Returning more than the default 1000 rows

classic Classic list List threaded Threaded
5 messages Options
Reply | Threaded
Open this post in threaded view
|  
Report Content as Inappropriate

Returning more than the default 1000 rows

Paul-Armand Verhaegen
Hi,

I have problems making zeppelin 0.7.1 (in %python or %spark.pyspark) to return more than the default 1000 rows (from a pandas dataframe) in a visualisation or csv download.
I tried to increase the values of all maxResults settings in interpreter.json, but to no avail (and restarted zeppelin after config change).

Can someone point me in the right direction?

Thanks,
Paul
Reply | Threaded
Open this post in threaded view
|  
Report Content as Inappropriate

Re: Returning more than the default 1000 rows

Paul-Armand Verhaegen

Thanks for your reply.

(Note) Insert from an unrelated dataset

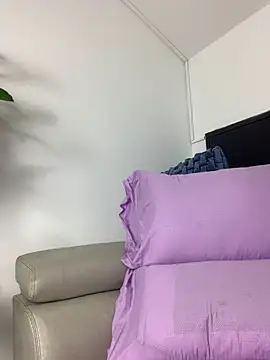 jamilaross online show from February 8, 2025, 6:01 am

Based on your suggestions I've edited conf/zeppelin-env.sh adding: 
export ZEPPELIN_SPARK_MAXRESULT=10000      # Max number of Spark SQL result to display. 1000 by default.
export ZEPPELIN_WEBSOCKET_MAX_TEXT_MESSAGE_SIZE=10240000       # Size in characters of the maximum text message to be received by websocket. Defaults to 1024000

I've restarted zeppelin, but it still does not show any rows above 1000 (neither visualisation nor csv download).
I also doubled checked the settings by adding "env" in the common.sh to ensure that the settings are properly sourced into the shell, and they are.

Paul

On 20 Apr 2017, at 23:28, So good <[hidden email]> wrote:

The zeppelin configuration file has settings for the maximum number of rows and the maximum size of the file.

------------------ 原始邮件 ------------------
发送时间: 2017年4月21日(星期五) 3:46
收件人: "users" <[hidden email]>;
主题: Returning more than the default 1000 rows


Hi,

I have problems making zeppelin 0.7.1 (in %python or %spark.pyspark) to return more than the default 1000 rows (from a pandas dataframe) in a visualisation or csv download.
I tried to increase the values of all maxResults settings in interpreter.json, but to no avail (and restarted zeppelin after config change).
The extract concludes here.